La escena evangélica evoca la visita de María a Isabel, la madre del Precursor, con quien se encontraba vinculada por cercano parentesco. Ya en la Anunciación el ángel hizo alusión a la concepción misteriosa de Juan Bautista, tan íntimamente ligado al misterio de la Encarnación y a la misión del Mesías.

Con solicitud y premura María se encaminó hacia la residencia de Isabel, en la montaña de Judea., no se indica el lugar, sino de un modo muy genérico: una ciudad de Judá. Pero la tradición primitiva (constante ya desde el siglo quinto) señala la aldea de San Juan de la montaña, hoy en árabe Aín-karim, a poco más de siete kilómetros al suroeste de Jerusalén y aproximadamente, a unos 130 de Nazareth. Distancia que supone en aquel tiempo cuatro o cinco días de camino, por las rutas ordinarias de las peregrinaciones pascuales desde la región de Galilea.

Isabel se encontraba en el Sexto mes de embarazo, y María permaneció en la montaña todavía unos tres meses. No aclara el evangelista san Lucas si asistió al nacimiento de Juan. Si bien, cabe suponerlo así, al menos por las precisas acotaciones cronológicas que aduce en relación con el embarazo de Isabel (Lc 1,36 y 56).

Ambas madres privilegiadas eran conscientes, por la inspiración divina, de los sublimes misterios que en ellas se estaban iniciando y de su providencial vinculación a las realizaciones mesiánicas. El saludo de Isabel tiene tanto de hondura como de brevedad esquemática. Es una cordial felicitación, profundamente teológica, que la Iglesia no ha dudado en asociar a la plegaria tradicional del Ave María.

El cántico del Magnificat es de más altos vuelos y de una mística más profunda. Como correspondía a la grandeza excepcional de aquella alma perfectísima sobre la que la inspiración divina encontraba el instrumento humano más apto para cantar las divinas misericordias.
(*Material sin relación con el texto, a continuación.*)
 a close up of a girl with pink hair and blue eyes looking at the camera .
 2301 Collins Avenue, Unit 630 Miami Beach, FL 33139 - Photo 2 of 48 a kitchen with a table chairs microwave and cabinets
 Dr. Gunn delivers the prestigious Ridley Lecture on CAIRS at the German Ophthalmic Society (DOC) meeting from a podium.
Con un ajuste perfecto a los salmos mesiánicos, y superando toda esta literatura bíblico-mesiánico en sencillez y profundidad, es el cántico un derroche encantador de profundidad amorosa, de gratitud sobrenatural sin medida, de plenitud de esperanzas y de supremo sometimiento a la Providencia salvífica de Dios. Y, al mismo tiempo, es la más exacta manifestación externa de la piedad sublime de la madre de Jesús.

Es también una profecía trascendental, hoy rebasada ya por la realidad histórica del culto mariano universal y que por entonces, para los criterios puramente humanos, pudiera haber sido enjuiciada como simple corazonada utópica de una exaltación femenil desbordada: “Me llamarán bienaventurada todas las generaciones”.
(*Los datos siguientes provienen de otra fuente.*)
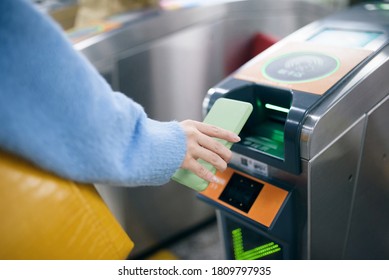 Using Smart Phone To Pay At Subway Station.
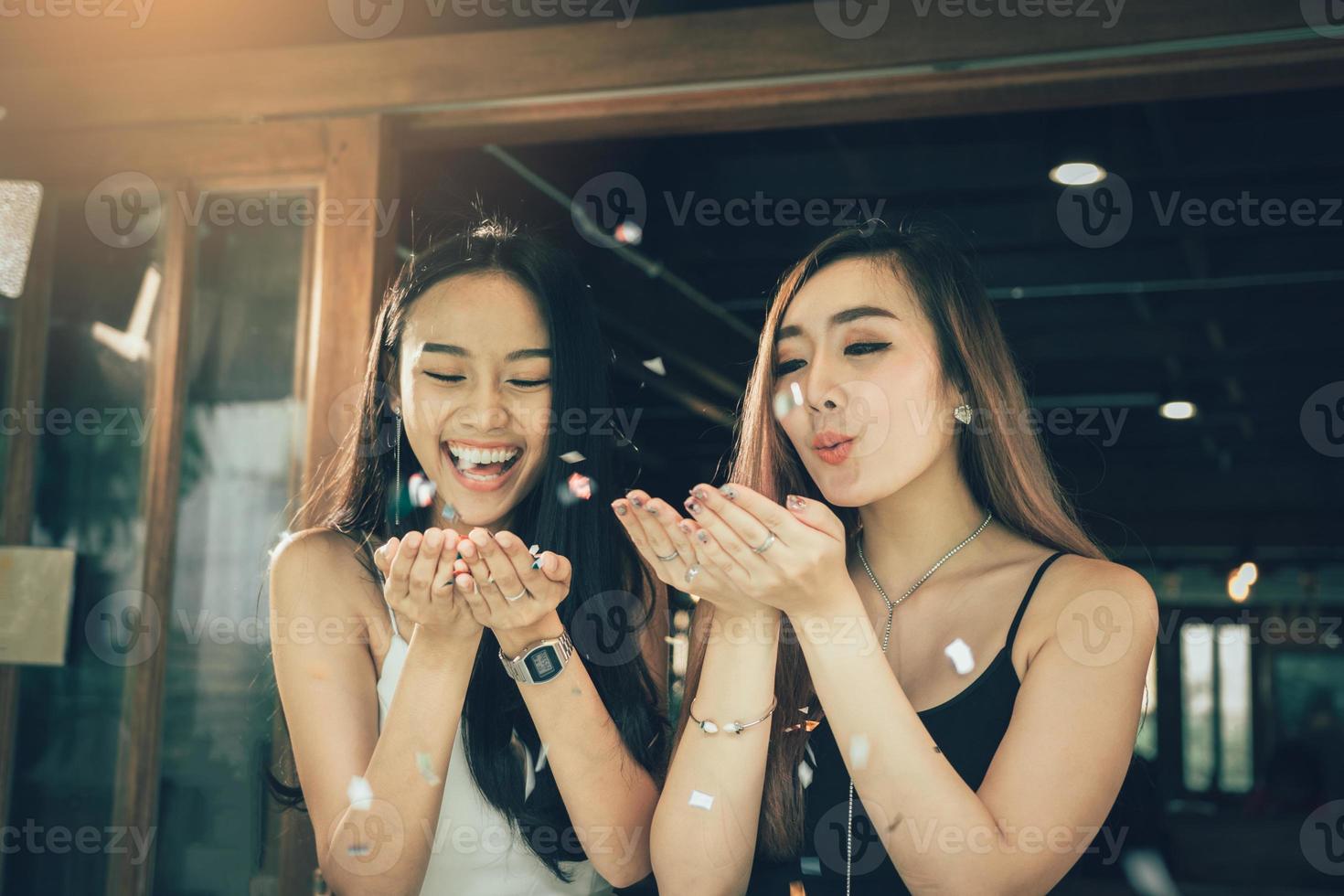 Two asian women blowing paper confetti for a celebration in his home. photo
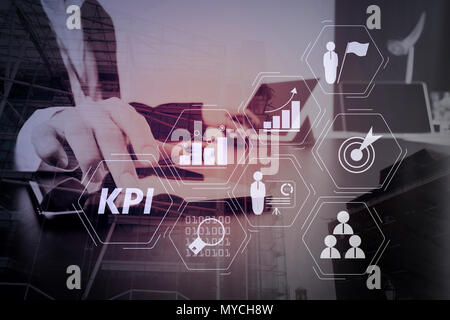 Key Performance Indicator (KPI) workinng with Business Intelligence (BI) metrics to measure achievement and planned target.businessman working with sm Stock Photo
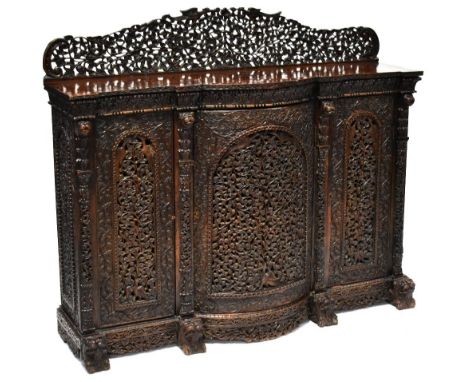 A 19th century Anglo-Indian rosewood profusely carved sideboard, with pierced foliate decoration throughout, with carved lion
Pero no hay en ello lugar a vanagloria; imposible en la nobleza del Espíritu de María y en la humildad consciente con que vibra ante el misterio de su Maternidad divina-humana. Por lo demás, así hablaba una joven de unos diecisiete años, sin prestigio humano cotizable, y sin más garantía que la plenitud de gracia interna de que había sido objeto por parte de Dios.

Nada hay insólito en esta situación poética de María. A este respecto escribe muy bien Riccioti en su vida de Jesucristo, página 251: “En oriente la alegría conduce fácilmente al canto y a la inspiración poética. Incluso ente los semitas modernos no es raro que la mujer comience a declamar en ocasión de grandes alegrías o dolores, expresando sus propios sentimientos en acentos breves, pero incisivos, de vagos ritmos más o menos personales. Y en aquella hora de júbilo también María se mostró poetisa e, inspirándose entre otras escrituras en el cántico de Ana ( 2 Sam 2,1 ss), declamó su “Magnificat”.